Task to carry out: Output each record below exactly. No images go in the copy.

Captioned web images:
================

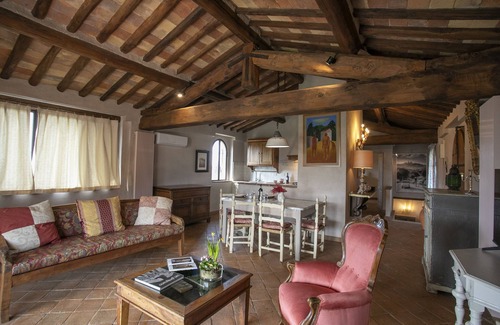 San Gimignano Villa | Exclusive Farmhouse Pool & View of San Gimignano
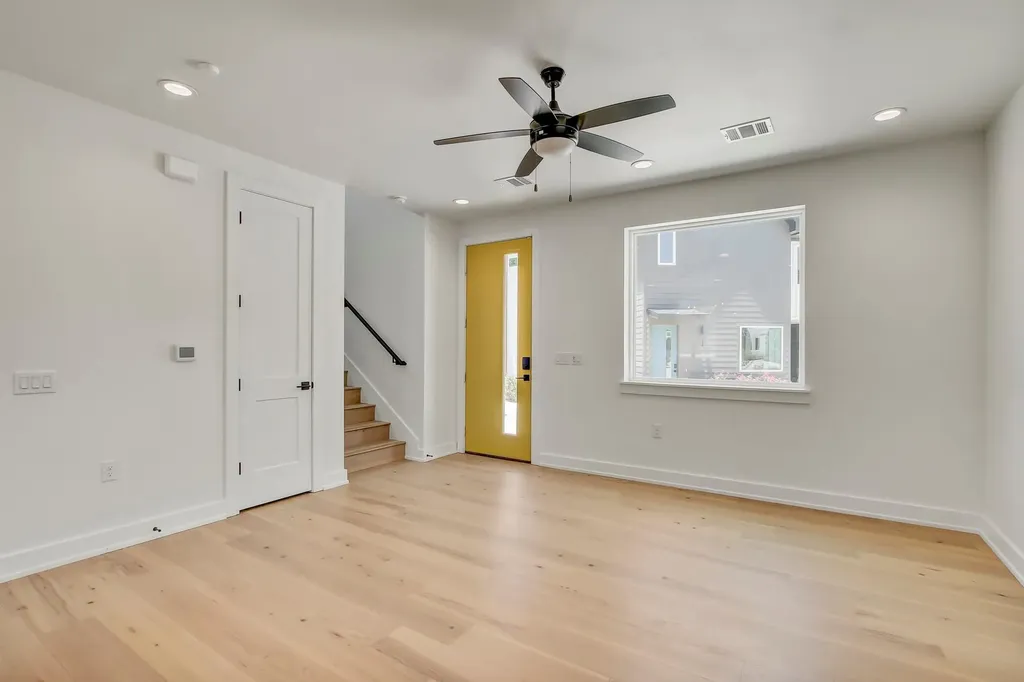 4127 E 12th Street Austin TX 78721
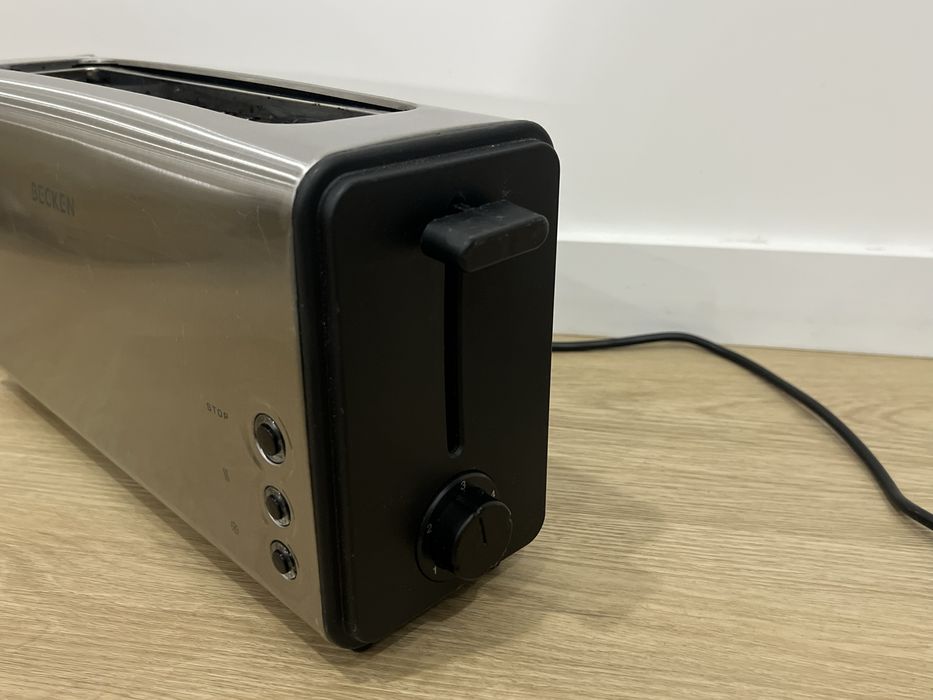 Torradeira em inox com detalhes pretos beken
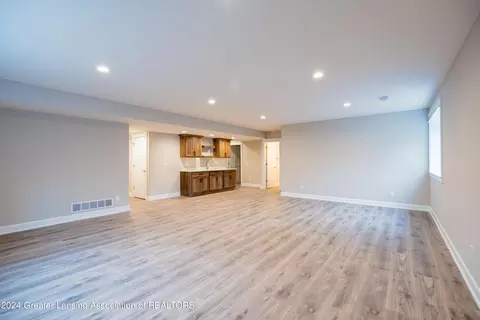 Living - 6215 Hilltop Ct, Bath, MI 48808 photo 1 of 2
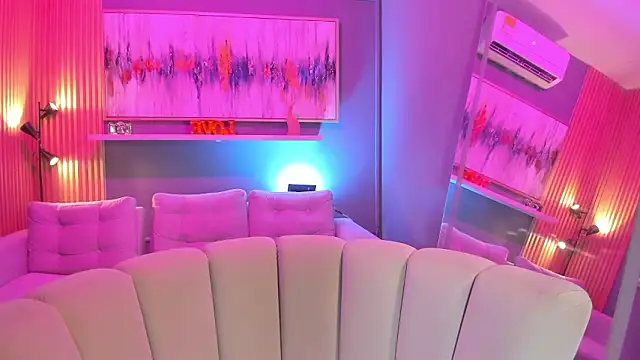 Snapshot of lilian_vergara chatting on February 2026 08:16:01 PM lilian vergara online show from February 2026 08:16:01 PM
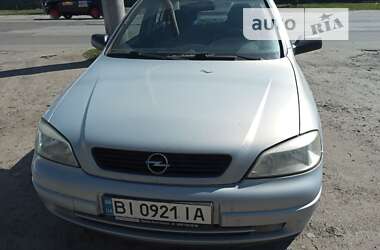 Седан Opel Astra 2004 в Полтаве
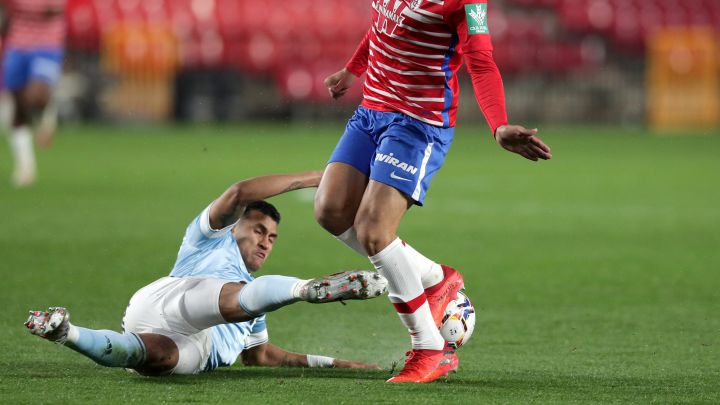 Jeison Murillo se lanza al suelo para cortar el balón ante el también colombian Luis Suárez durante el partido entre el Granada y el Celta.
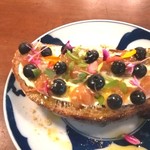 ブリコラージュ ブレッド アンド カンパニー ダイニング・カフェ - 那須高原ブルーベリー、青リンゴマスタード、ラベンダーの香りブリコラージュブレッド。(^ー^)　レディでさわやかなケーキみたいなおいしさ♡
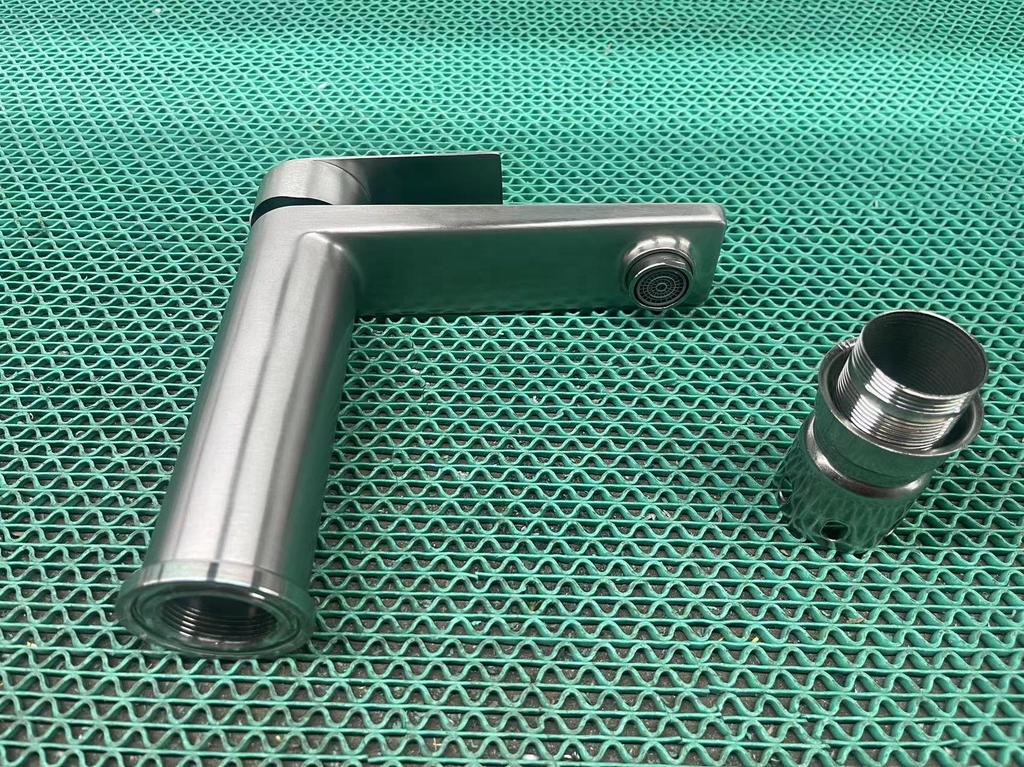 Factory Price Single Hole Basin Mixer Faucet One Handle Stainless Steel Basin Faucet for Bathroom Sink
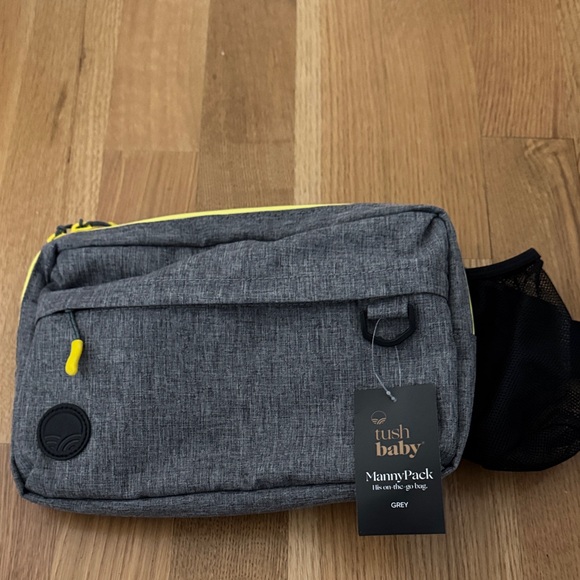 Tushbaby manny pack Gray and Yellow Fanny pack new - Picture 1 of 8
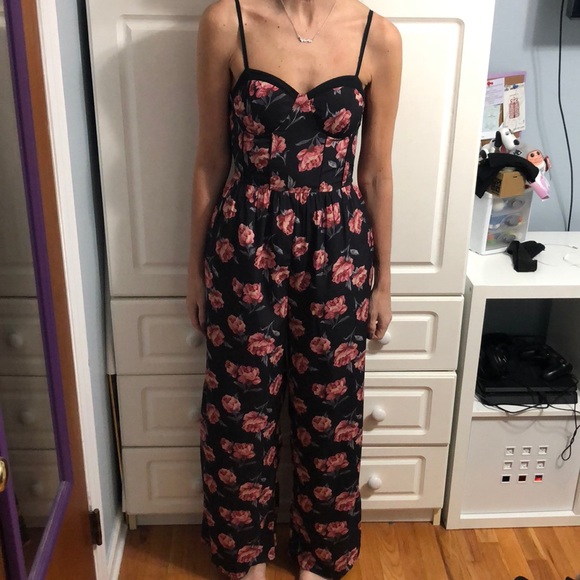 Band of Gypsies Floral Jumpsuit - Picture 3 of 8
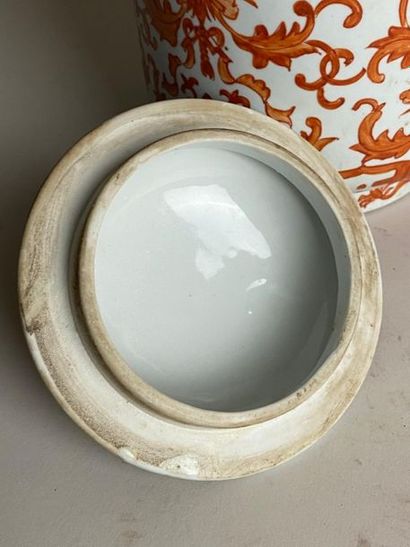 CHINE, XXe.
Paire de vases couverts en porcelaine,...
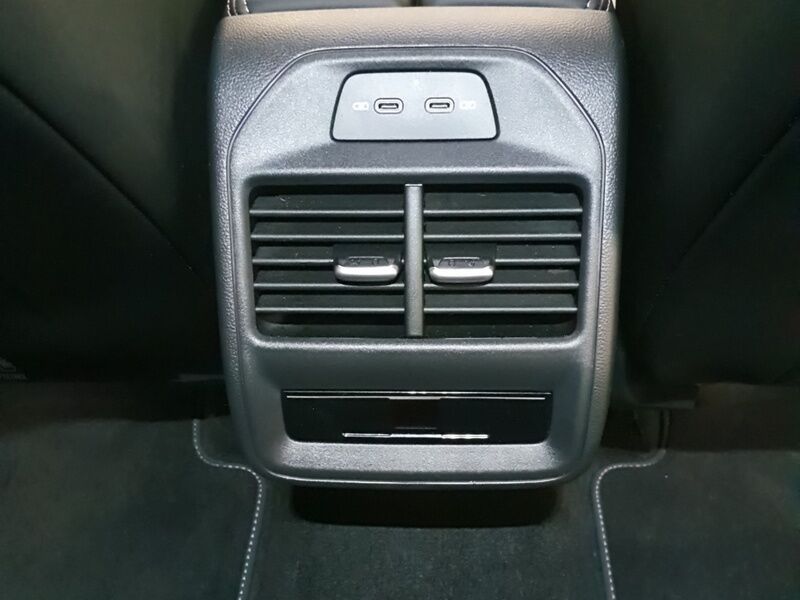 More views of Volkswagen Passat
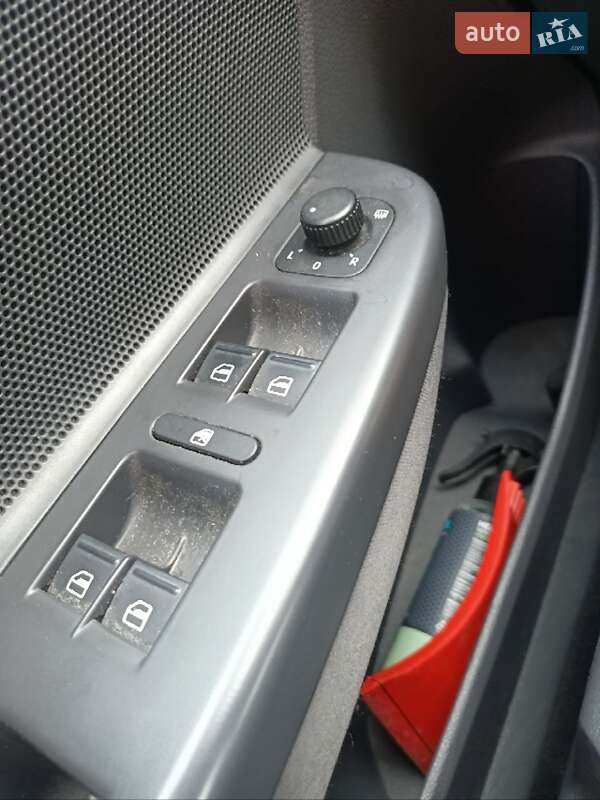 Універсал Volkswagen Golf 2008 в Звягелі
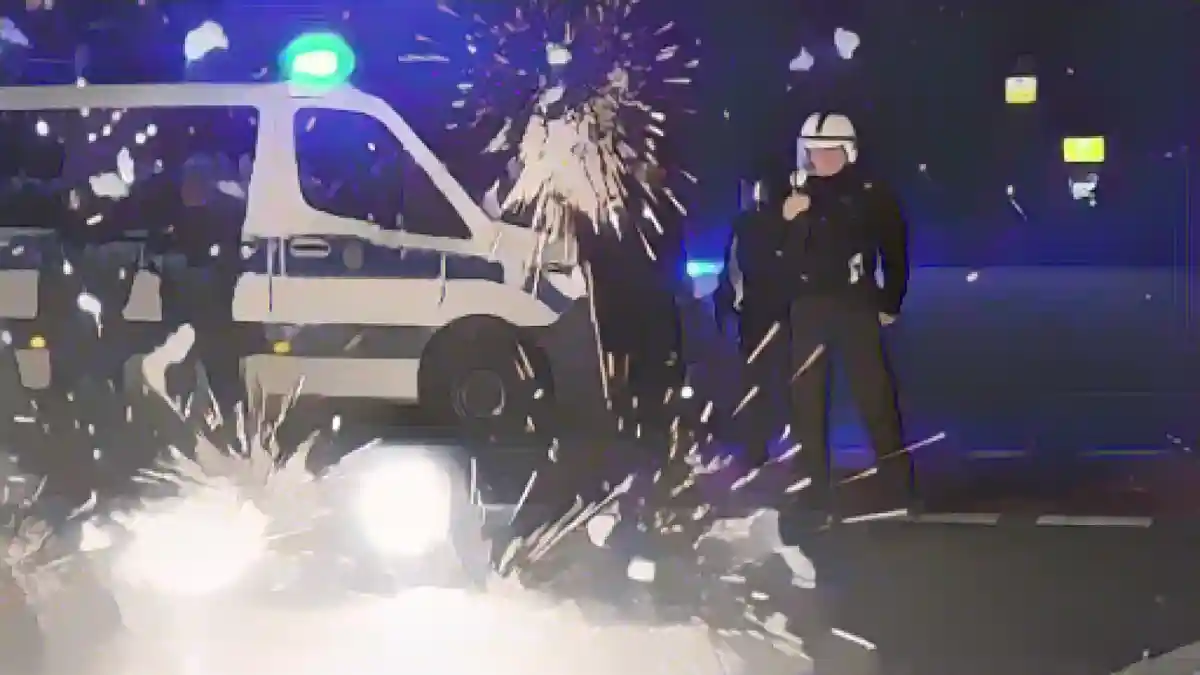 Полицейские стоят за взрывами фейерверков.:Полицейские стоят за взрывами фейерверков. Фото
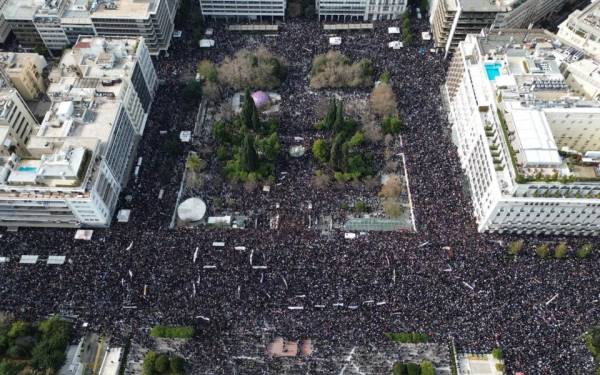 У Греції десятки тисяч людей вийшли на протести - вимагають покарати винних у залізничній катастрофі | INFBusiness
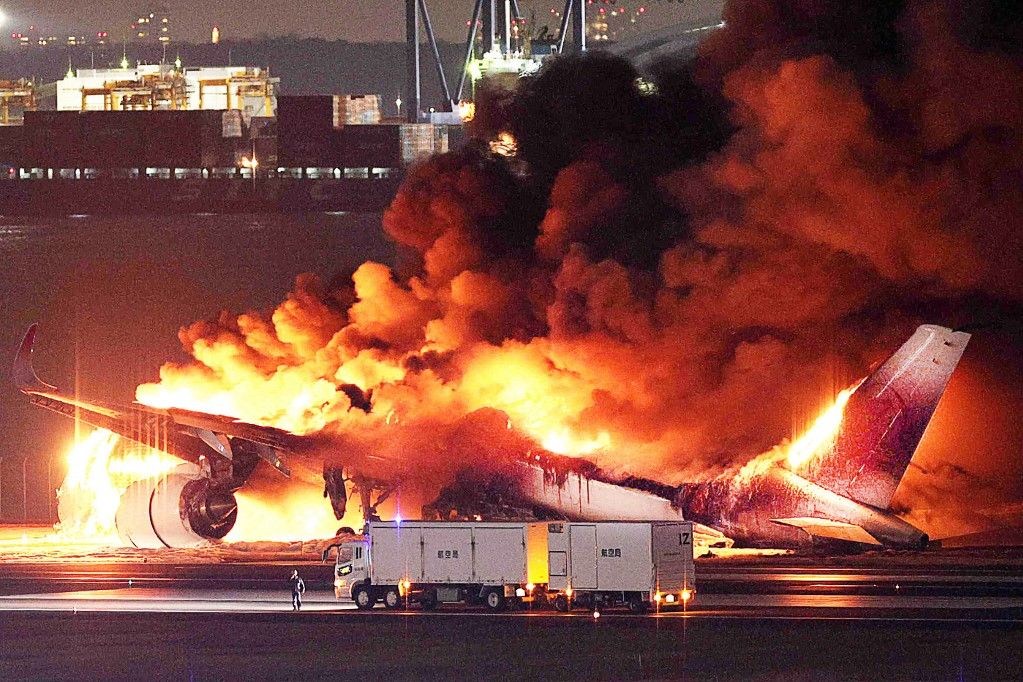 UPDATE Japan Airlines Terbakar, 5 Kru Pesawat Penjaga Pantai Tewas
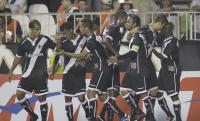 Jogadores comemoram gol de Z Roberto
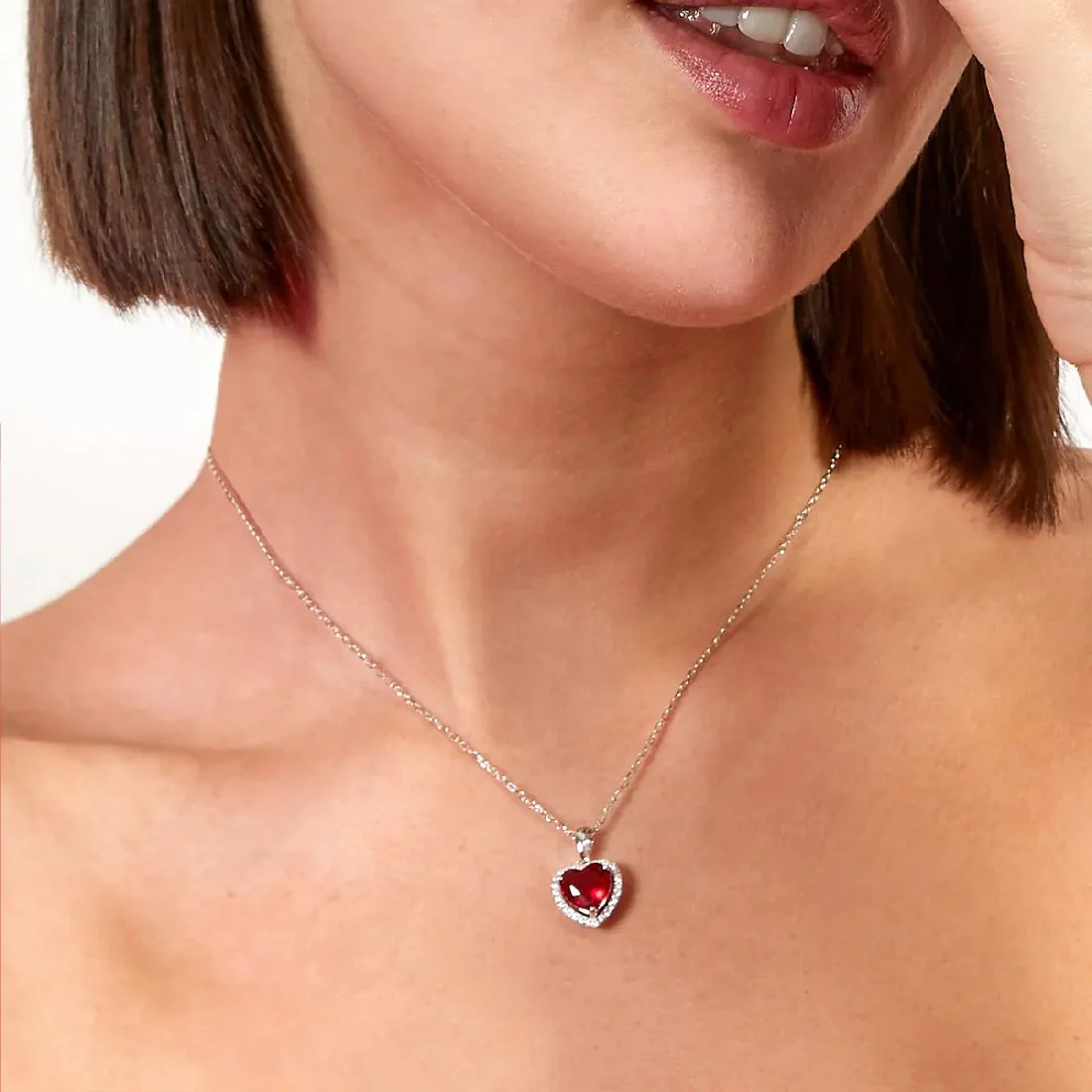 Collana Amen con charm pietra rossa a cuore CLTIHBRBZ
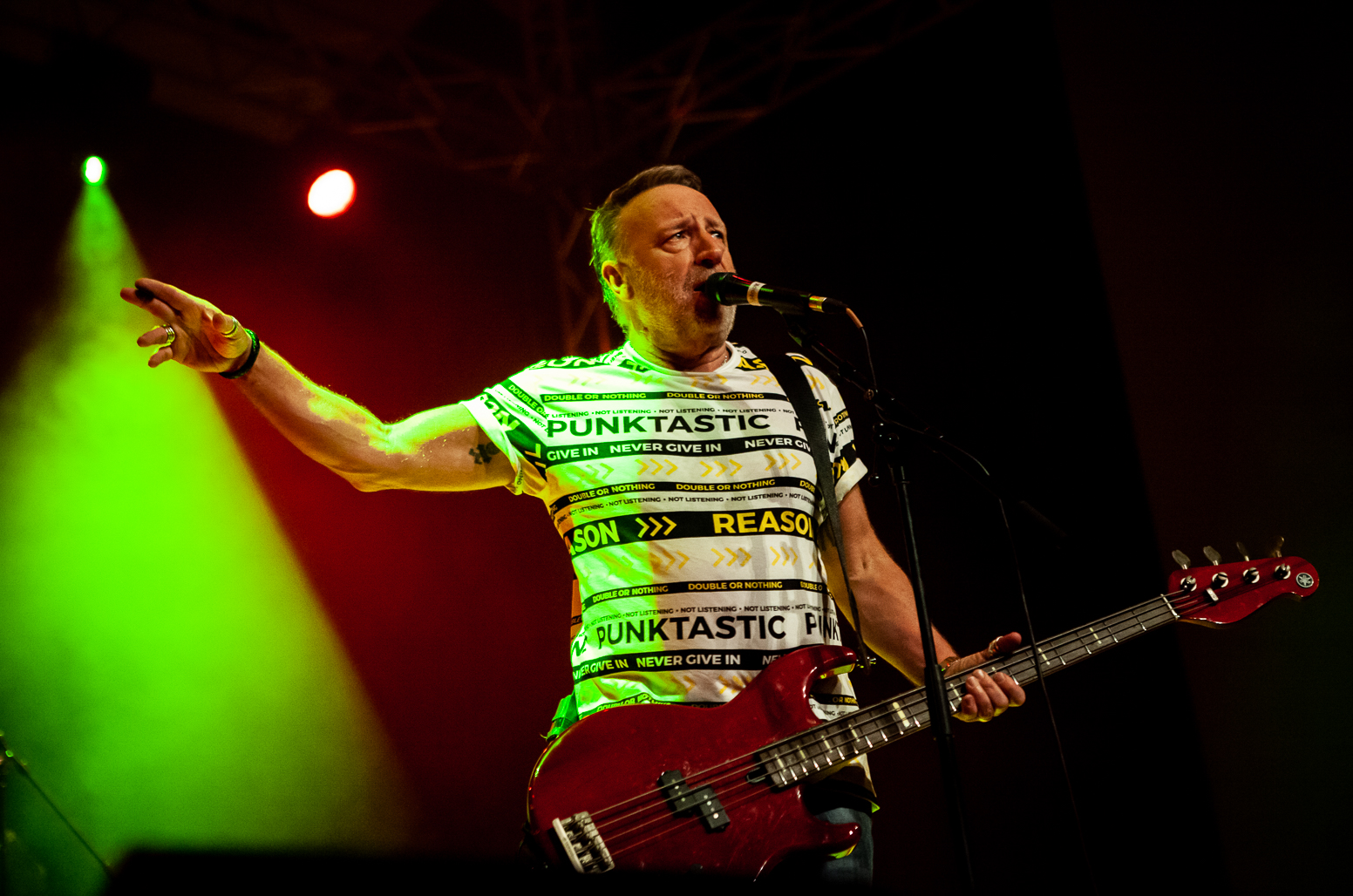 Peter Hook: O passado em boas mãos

================

Reply to the exercise:
 San Gimignano Villa | Exclusive Farmhouse Pool & View of San Gimignano
 4127 E 12th Street Austin TX 78721
 Torradeira em inox com detalhes pretos beken
 Living - 6215 Hilltop Ct, Bath, MI 48808 photo 1 of 2
 Snapshot of lilian_vergara chatting on February 2026 08:16:01 PM lilian vergara online show from February 2026 08:16:01 PM
 Седан Opel Astra 2004 в Полтаве
 Jeison Murillo se lanza al suelo para cortar el balón ante el también colombian Luis Suárez durante el partido entre el Granada y el Celta.
 ブリコラージュ ブレッド アンド カンパニー ダイニング・カフェ - 那須高原ブルーベリー、青リンゴマスタード、ラベンダーの香りブリコラージュブレッド。(^ー^)　レディでさわやかなケーキみたいなおいしさ♡
 Factory Price Single Hole Basin Mixer Faucet One Handle Stainless Steel Basin Faucet for Bathroom Sink
 Tushbaby manny pack Gray and Yellow Fanny pack new - Picture 1 of 8
 Band of Gypsies Floral Jumpsuit - Picture 3 of 8
 CHINE, XXe.
Paire de vases couverts en porcelaine,...
 More views of Volkswagen Passat
 Універсал Volkswagen Golf 2008 в Звягелі
 Полицейские стоят за взрывами фейерверков.:Полицейские стоят за взрывами фейерверков. Фото
 У Греції десятки тисяч людей вийшли на протести - вимагають покарати винних у залізничній катастрофі | INFBusiness
 UPDATE Japan Airlines Terbakar, 5 Kru Pesawat Penjaga Pantai Tewas
 Jogadores comemoram gol de Z Roberto
 Collana Amen con charm pietra rossa a cuore CLTIHBRBZ
 Peter Hook: O passado em boas mãos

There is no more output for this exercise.